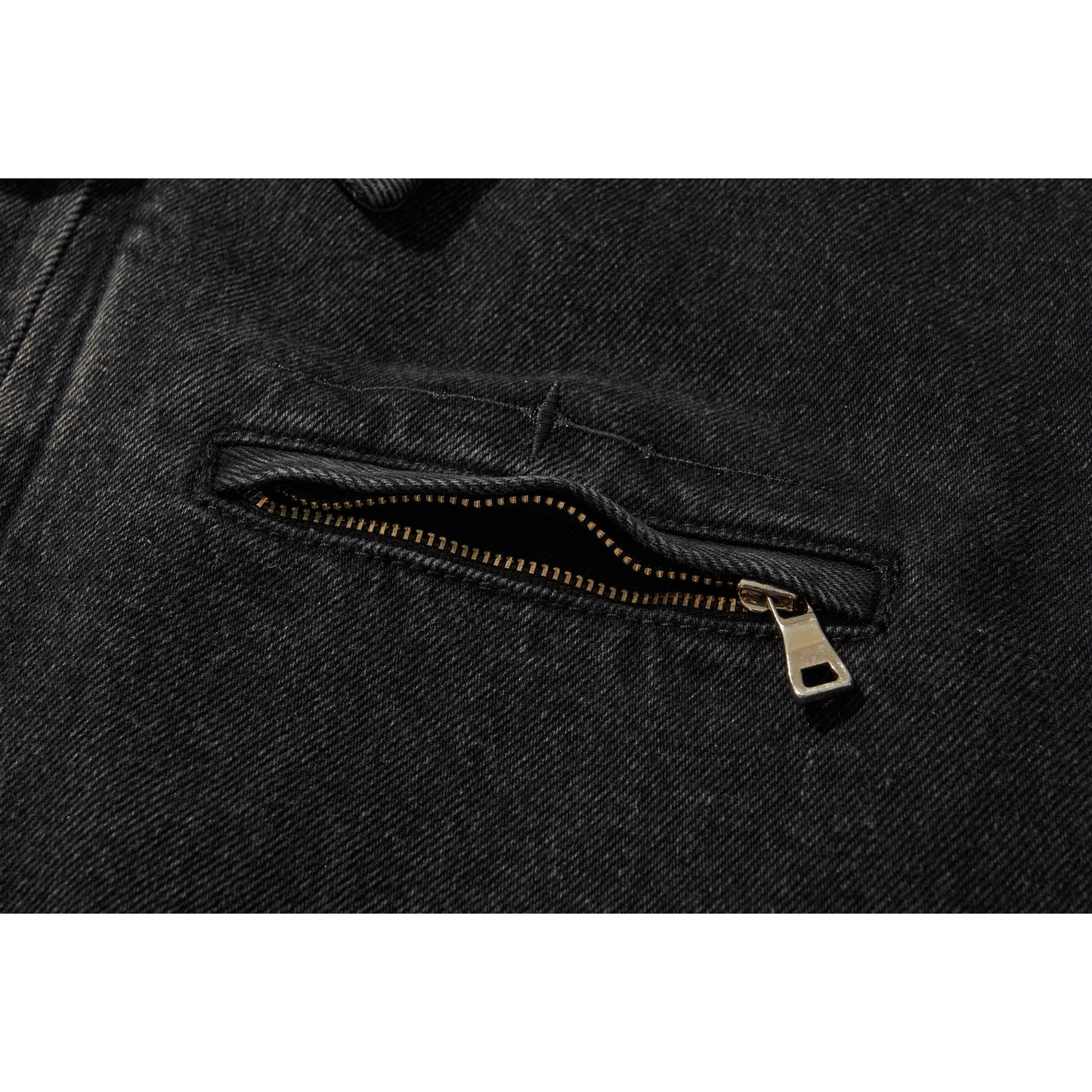 WORK JACKET / BLACK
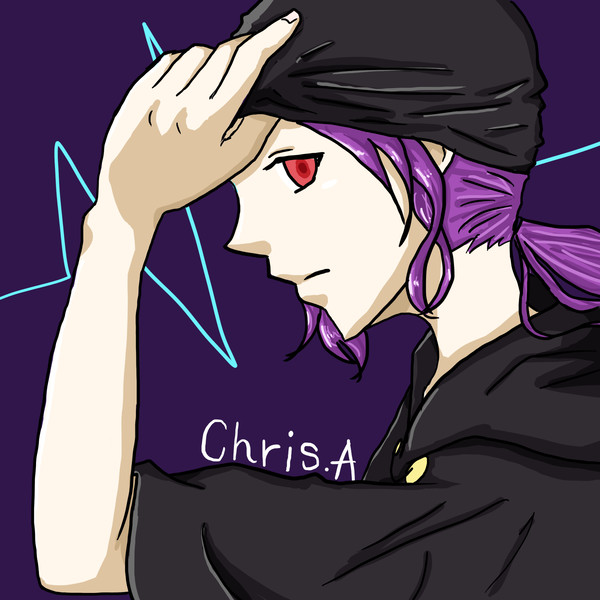 【サイコパス】クリスさん【ＦＡ】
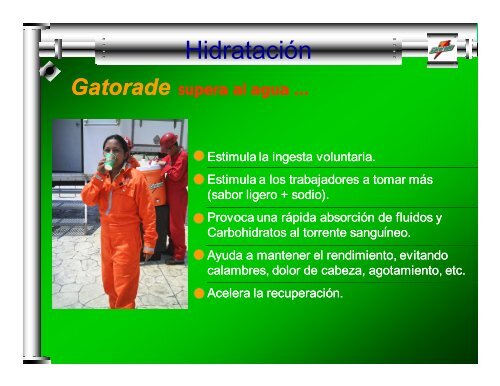 La Hidratación en los Trabajadores - cuposon.com.mx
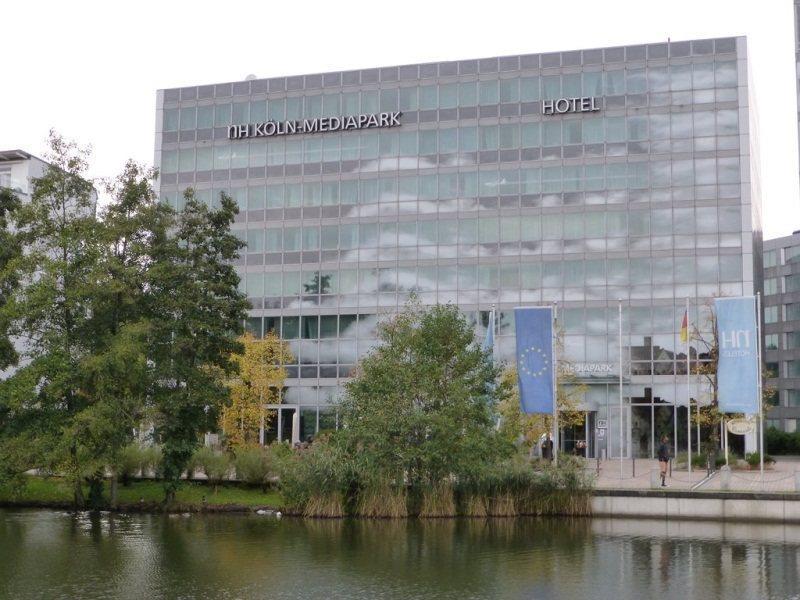 Hotel Nh Collection Mediapark Köln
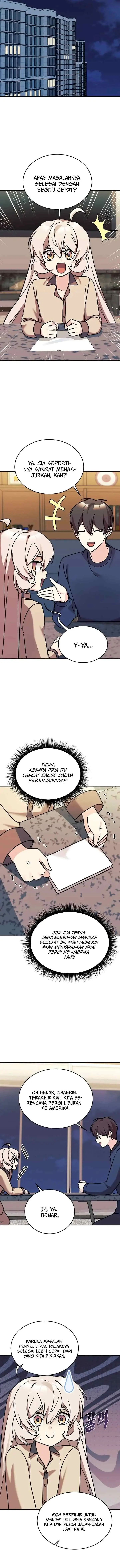 My Daughter Is a Dragon! chapter 87 halaman 10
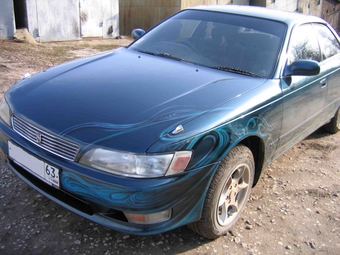 1994 Toyota Mark II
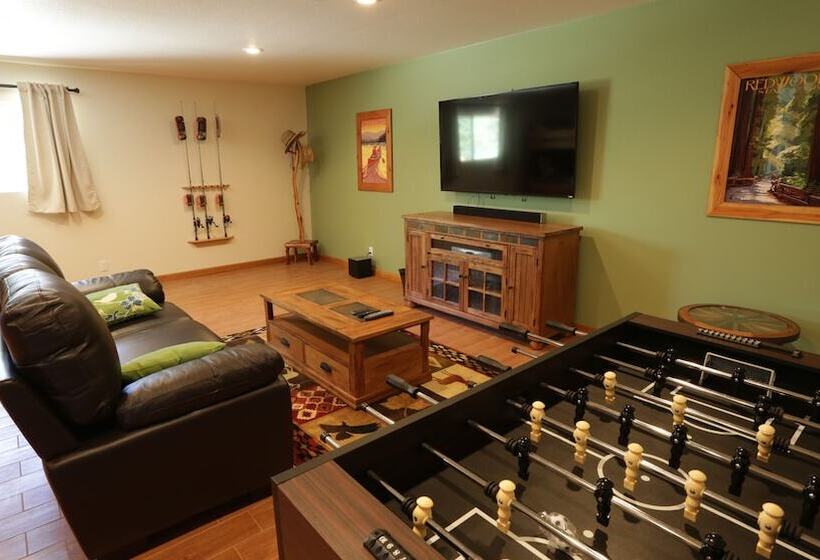 Yosemite Scenic Wonders   Bass Lake Area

▶ _What you will do_:
With pictures left out, extract the lines from the one containing "La Hidratación en" to the end of the material above, both included, exactly as written.

▶ _Response box_:
 La Hidratación en los Trabajadores - cuposon.com.mx
 Hotel Nh Collection Mediapark Köln
 My Daughter Is a Dragon! chapter 87 halaman 10
 1994 Toyota Mark II
 Yosemite Scenic Wonders   Bass Lake Area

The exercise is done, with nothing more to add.